If you found yourself in the middle of something like the two scenarios below, would you just ignore everyone and let the chips lie where they fall, or give people a heads up? I'll give details here just because I need to vent before I go insane lol, but really the details aren't important - you can pretty much fill in the details with whatever situation you have dealt/are dealing with.
1. Work - Boss has a project that she needs someone to step up and lead. Myself and three other people already have projects we are leading and are not expected or wanted, in this case, to volunteer. A few other people would be good fits someday but are relatively new. It would be great for them, but they would need some handholding (which would fall on me and the other 3). There are 3 MORE people who have the most tenure (11, 16, and 15 years with the company) who NEVER lead anything...they seem like they are sort of just hanging around waiting for retirement in 10 years.
Boss asks again at our team meeting last week.

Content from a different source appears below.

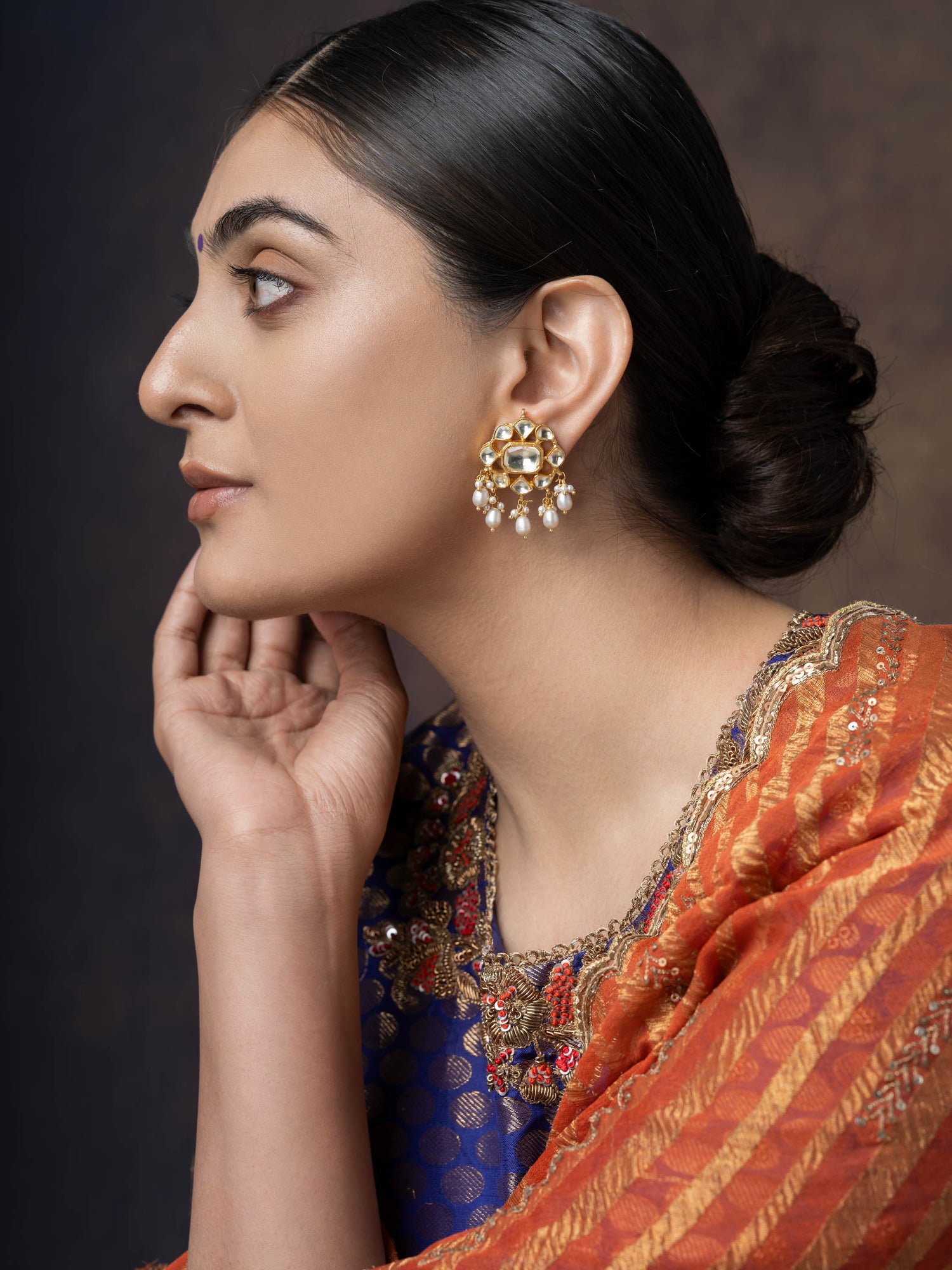 Easy to wear, Kundan Miniatures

The 3 long-timers are silent. One of the 4 of us who already has a project speaks up and says he will do it. Then one of the long-timers asked if boss has given any thought as to when we might add another work at home day (we are going full-on remote as of Jan 1st). Boss kind of lights into her and says we have too much going on with training the new people and getting all our ducks in a row before even thinking about adding remote working to the mix.

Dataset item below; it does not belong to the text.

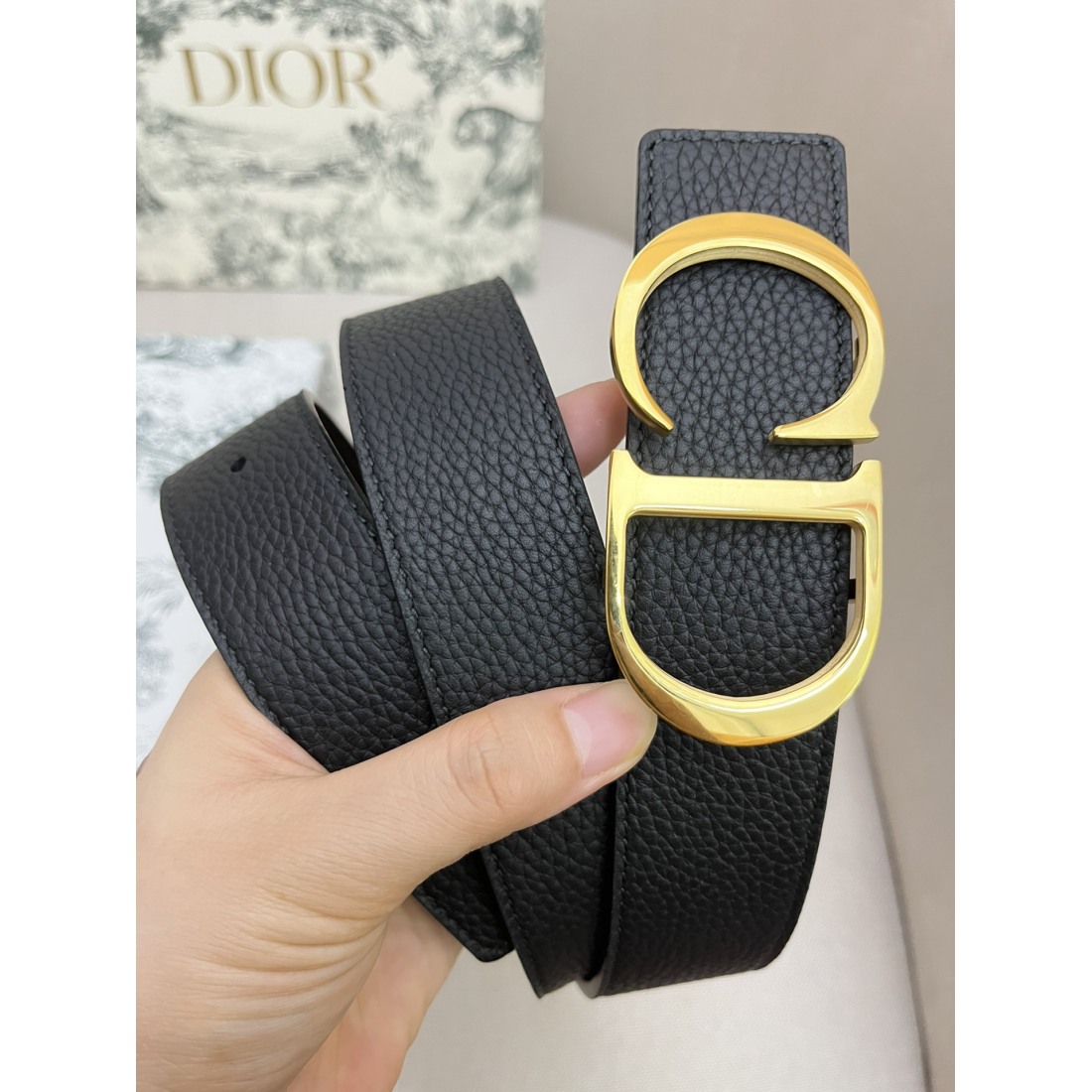 Dior cowhide and bottom leather, palladium plated pure steel buckle 35MM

The next day, co-worker sent me a copy of a schedule she put together for each employee to get an extra day at home. I said I would wait to send it because I don't think it will be received well, but she said she is sending it to our boss this week anyway. (OK, whatever...it's her problem, not mine!) Then, yesterday, boss and I were talking about upcoming training schedules (I am one of the key trainers for the department) and without so many words, was very clearly annoyed by coworker NOT stepping up, then trying to push the remote working subject. It's not the first time. I would consider co-worker my work friend. Would you tell her to stop pushing the issue or just wait and watch the inevitable explosion happen?

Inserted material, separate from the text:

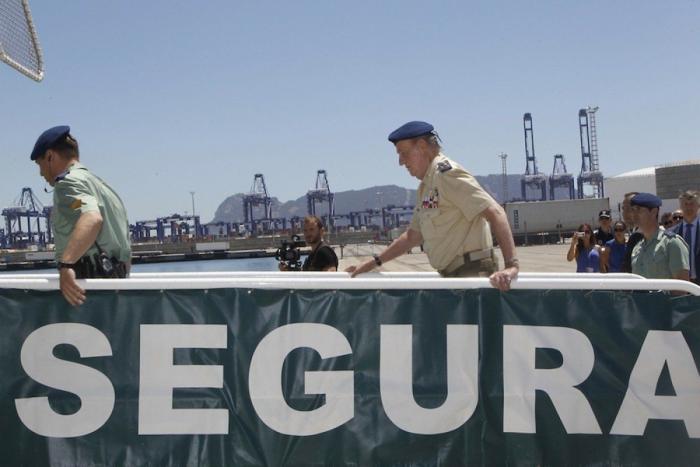El rey a los pescadores de Algeciras en pleno conflicto con Gibraltar: "Os apoyaremos" (FOTOS y VÍDEO)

2. Another "work friend-ish" type of person and I run a volunteer organization together. She is upset (we both are) at the lack of support we get from the other part of the organization and there has been some drama with the ladies on the other side of things attacking us in email and even bringing my friend's 13 year old daughter into the issue in a way. I handled it by talking to the president like an adult. She handles it by fighting with the other women in the group and then running back to the president and "tattling". He got sick of it and told her to stop. She keeps doing it. He's getting to the end of his rope. They both have valid points. He and she are friends outside of this, in a way that I am not. If I wasn't doing this I would probably never talk to them other than a hello in passing. Would you tell her that she isn't "getting" his signals that he is done listening to her tattle?
These are all grown adults! Sigh! My normal M.O. is to back out of anything that has to do with anything like this and not get involved, but I am involved in ways that I can't just ignore it without it affecting me. I don't gossip and I don't involve myself in other people's lives - ever. Lately, though, all of these people come to me and tell me these things, so I am right in the middle with a highly vested interest in both the organization and my career!